柳下:しかし、うちの財力からしてもそんなに続々とお店を出せるわけではありませんのでお断りする機会ばかりでした。そのうち「じゃあ、自分たちで初期投資をするので、角上魚類の看板を借りて、魚の供給と魚の売り方を教えて欲しい」という声がかかりました。

――フランチャイズということでしょうか。

柳下:そうです。高崎に出した店の2年後のことでした。「初期投資がかからないのであればできる」と快諾し、当初は当初は私が各店に出向いて、売り方、並べ方など指導をして店作りをしました。このフランチャイズの店も結構流行って数年で4店舗くらいになりましたが、次第に各店がテキトーな売り方をし始めました。「値段を高くしたらダメだ」「古い魚を売ってはダメだ」と言っても聞いてもらえなくなったのです。「昔ながらの魚屋をやる」と常々考えていた私はこれが許せませんでした。
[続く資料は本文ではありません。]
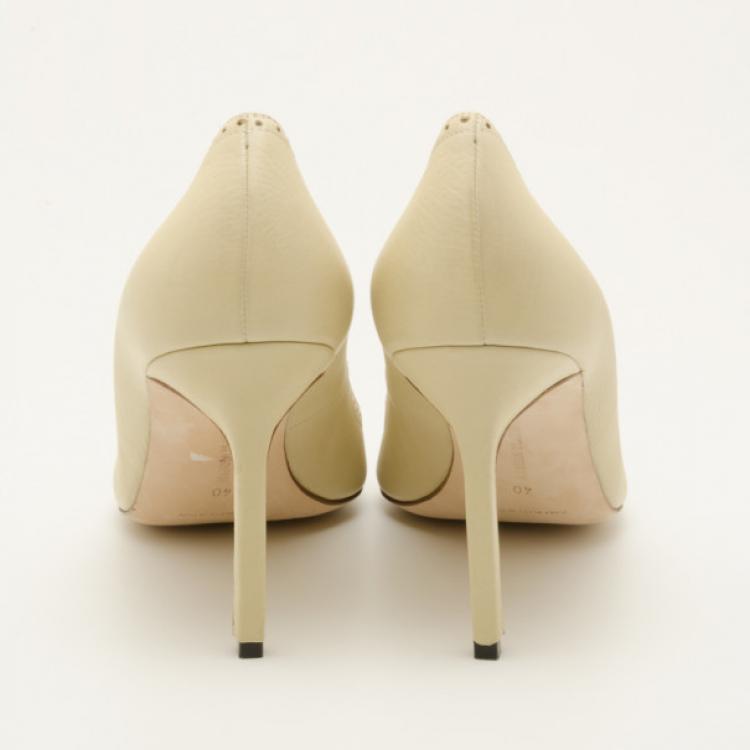 Pre Owned Manolo Blahnik Beige Leather Pumps Size 40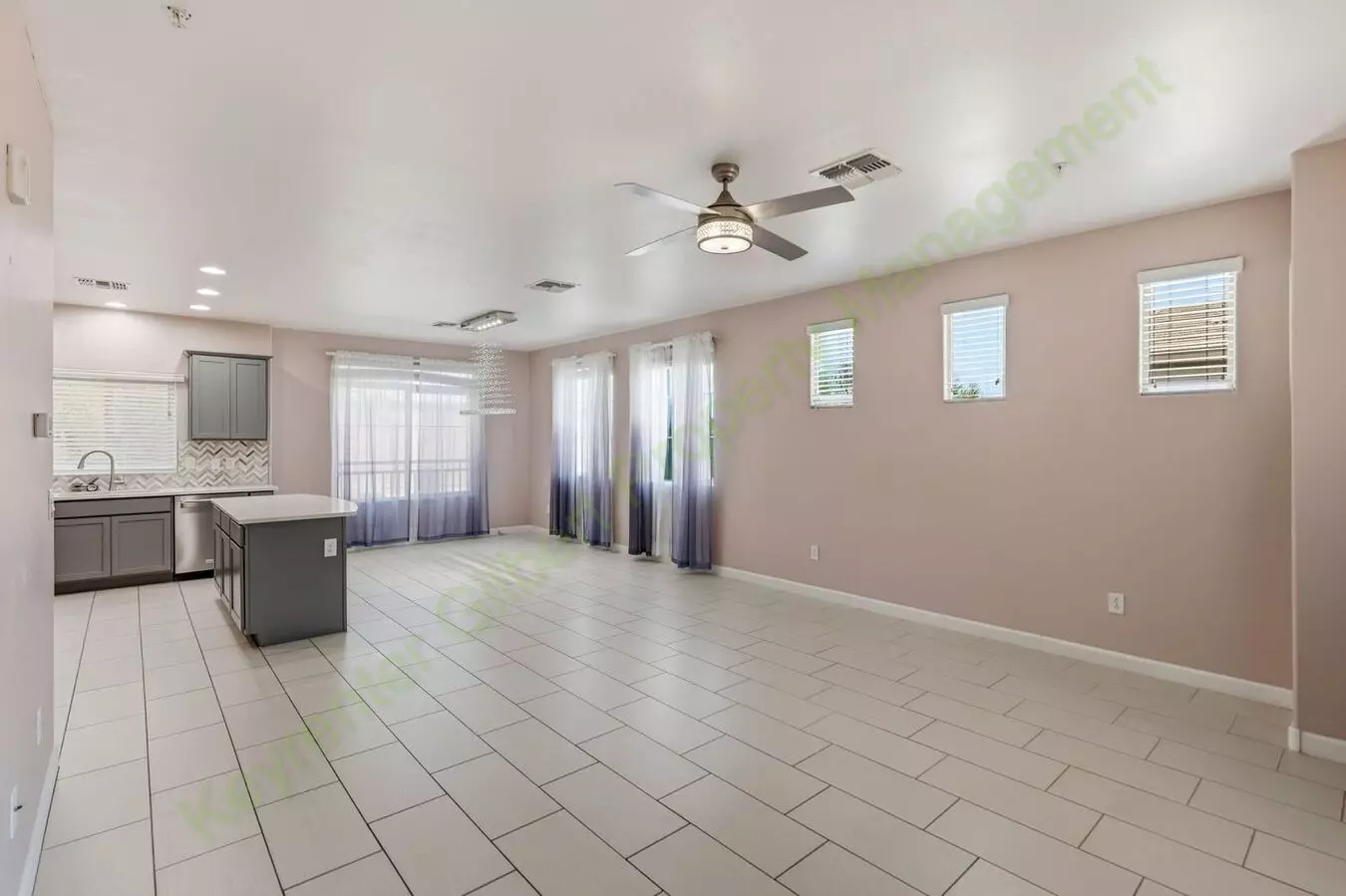 Beautiful 5Bedrooms Modern Style Home! photo 5
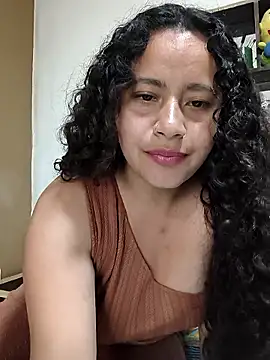 Snapshot of Yaya_watson chatting on 01/16/26, 05:28 Yaya watson online show from 01/16/26, 05:28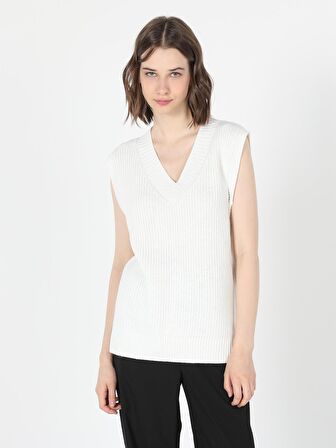 Regular Fit V Yaka V Yaka Beyaz Kadın Kazak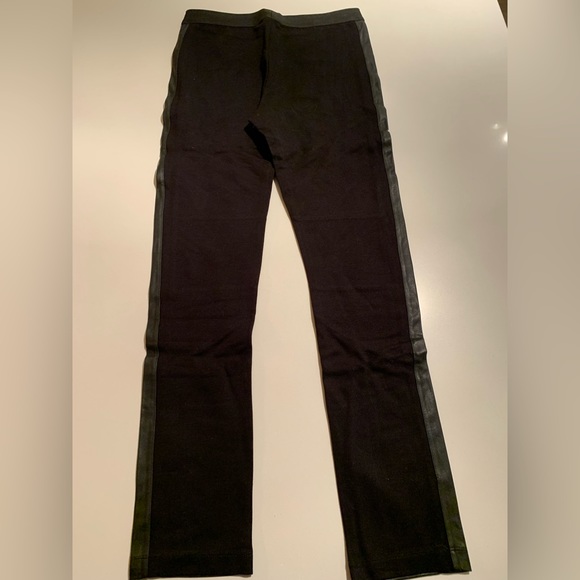 Straight leg pants - Picture 2 of 4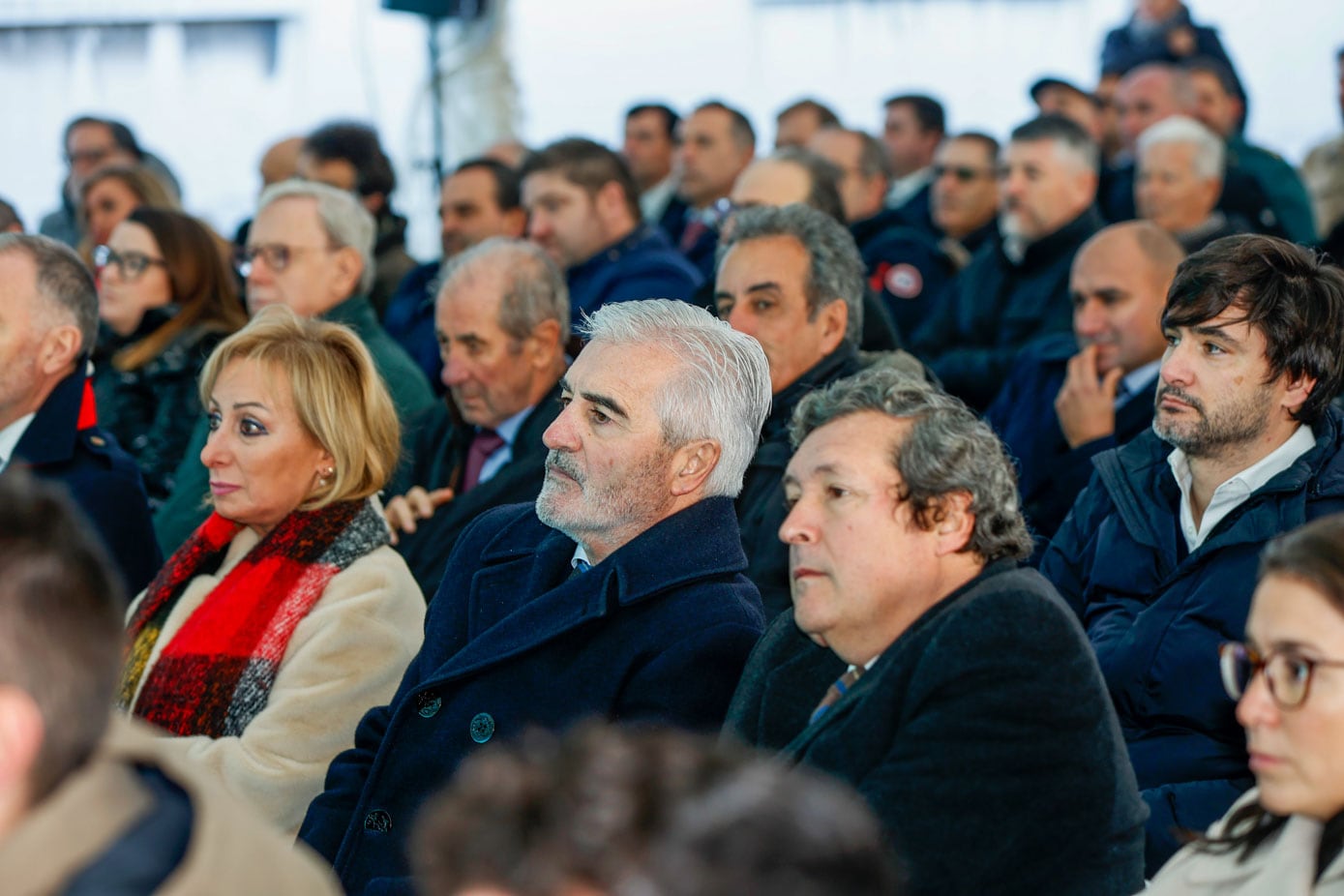 Cerca de 200 personas estuvieron en el acto, entre los que se puede ver al expresidente de Cantabria, José Joaquín Marínez Sieso, el ex consejero y ex presidente del Puerto de Santander, Francisco Martín o el senador autonómico, Íñigo Fernández.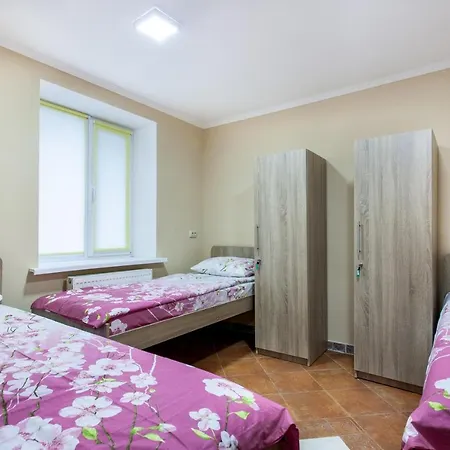 Hostel Color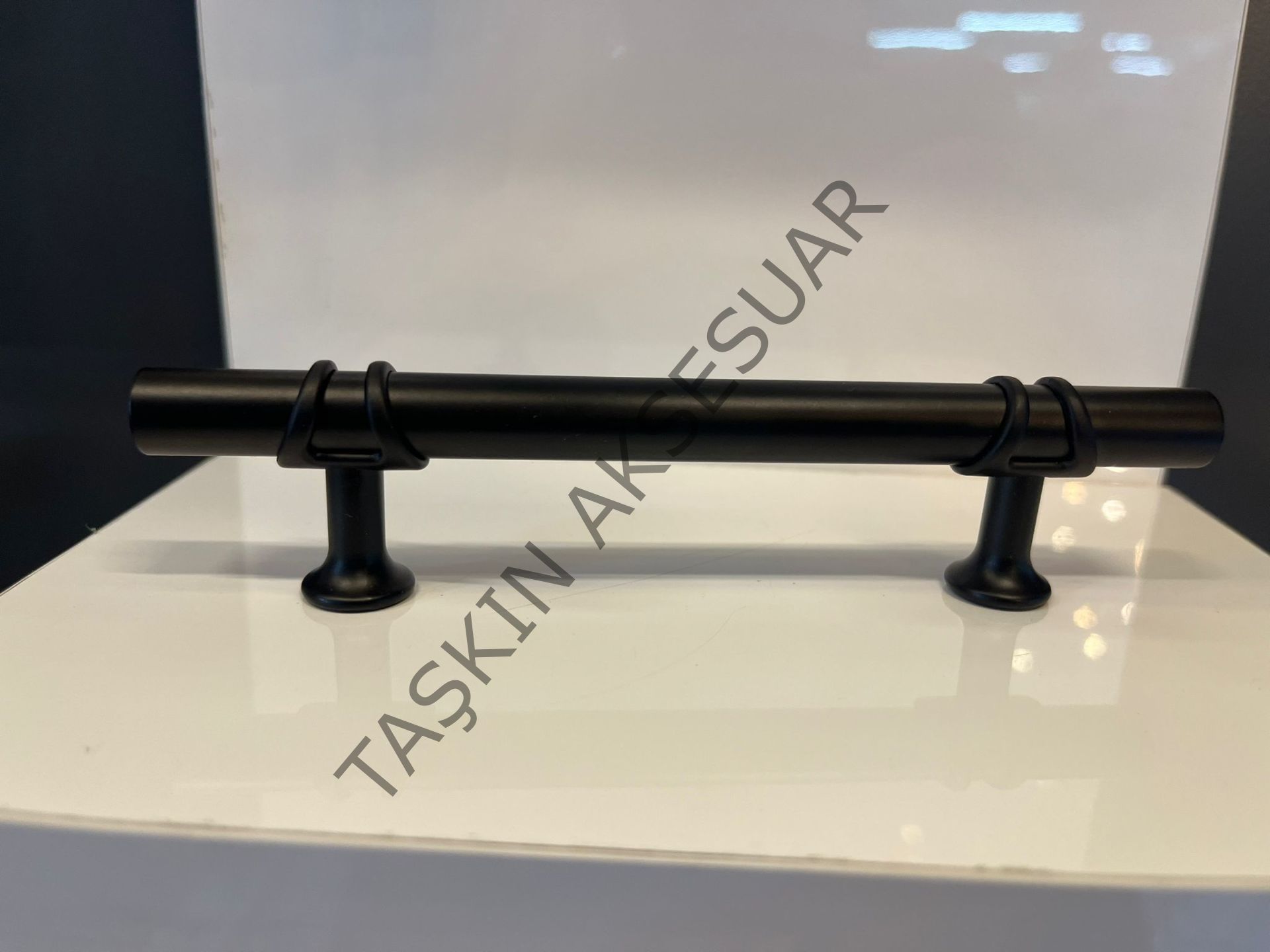 Ergene Metal Kulp 96-128mm Mat Siyah Dolap Kapak Çekmece Komidin Tv Ünite Modern Mobilya Kulbu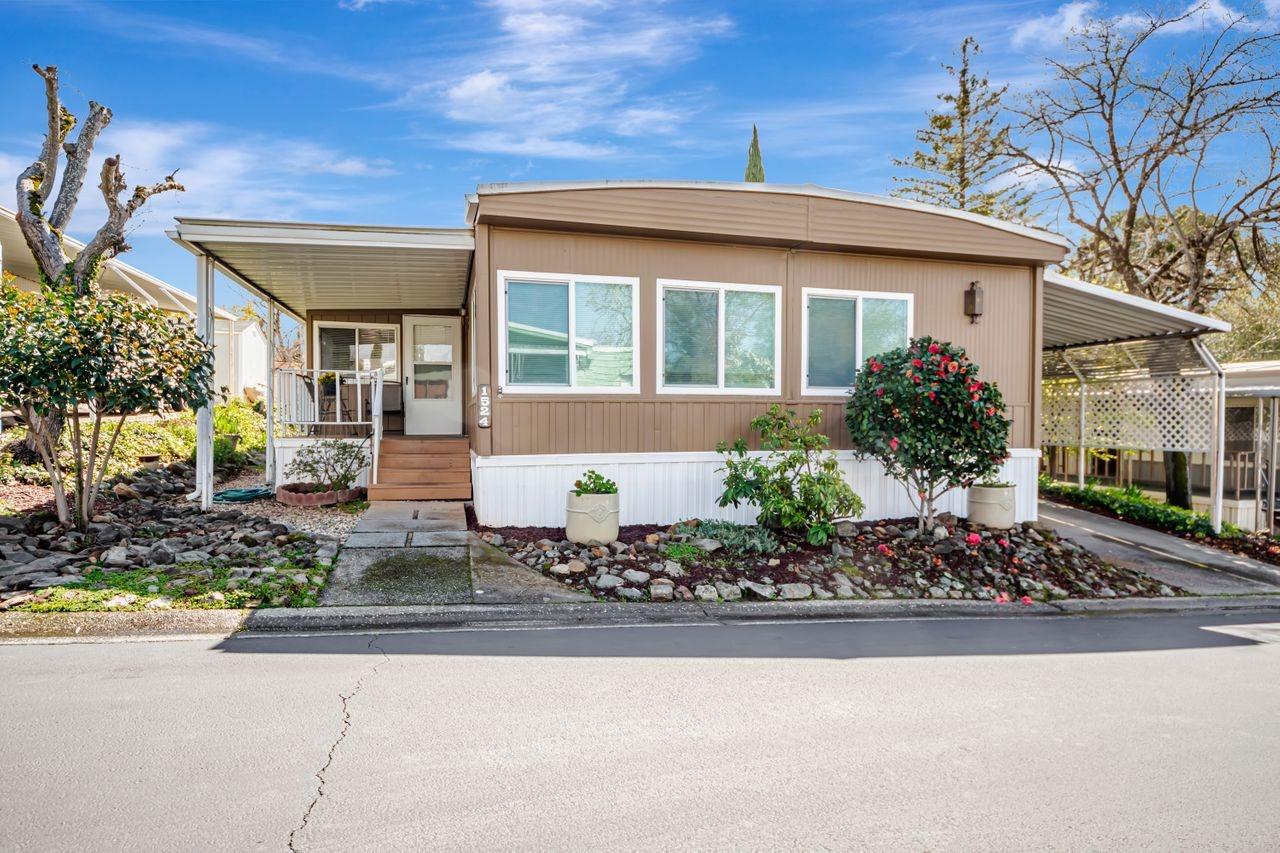 1524 Tulip Circle 66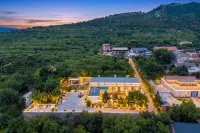 Morning Light and Twilight Cliffside Zijinzai Homestay (Xijingyu)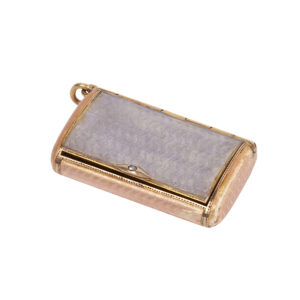 Lot 0204 <br/>Britzin Silver-Gilt Guilloché Enamel Pill Box, St Petersburg, 1904–1908 <br/>Estimate: 2500-3500€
 やがて「これは私の目指す魚ではない」と思い、「フランチャイズを打ち切らせてもらいたい」と申し出たところ向こうも喜んでくれました。フランチャイズ契約であれば、指導料とフランチャイズ料で1店舗あたり月80万円くらいを角上魚類側に納めていたわけで、ここで打ち切りになればその経費が浮きますからね。

 以降、私は自分の目が行き届くきちんとした直営の魚屋をやろうと、関東圏に角上魚類を少しずつ丁寧に出店していくことにしました。契約をヤメたフランチャイズの店も当初はものすごく流行っていましたが、結果的に5~6年で全部潰れました。

調子が良くて流行っているときほど気を使う

――柳下さんの営業方針が正しかったということですね。

柳下:どんなことでもそうですが、「今日、調子が良いから」と、いい加減にやってはダメ。確かに調子が良ければ、どれだけいい加減にやってもすぐに影響はないでしょう。でも、これが1か月、2か月、半年、1年後になるとジワジワとダメになっていきます。

 どれだけ調子が良くて流行っていたとしても、そういうときほど常に気を使って、より良い工夫をする努力を重ねていかないとお客さんは離れていきます。以来、角上魚類のスタッフにも慢心を起こさせぬよう、細心の注意をはらい続けています。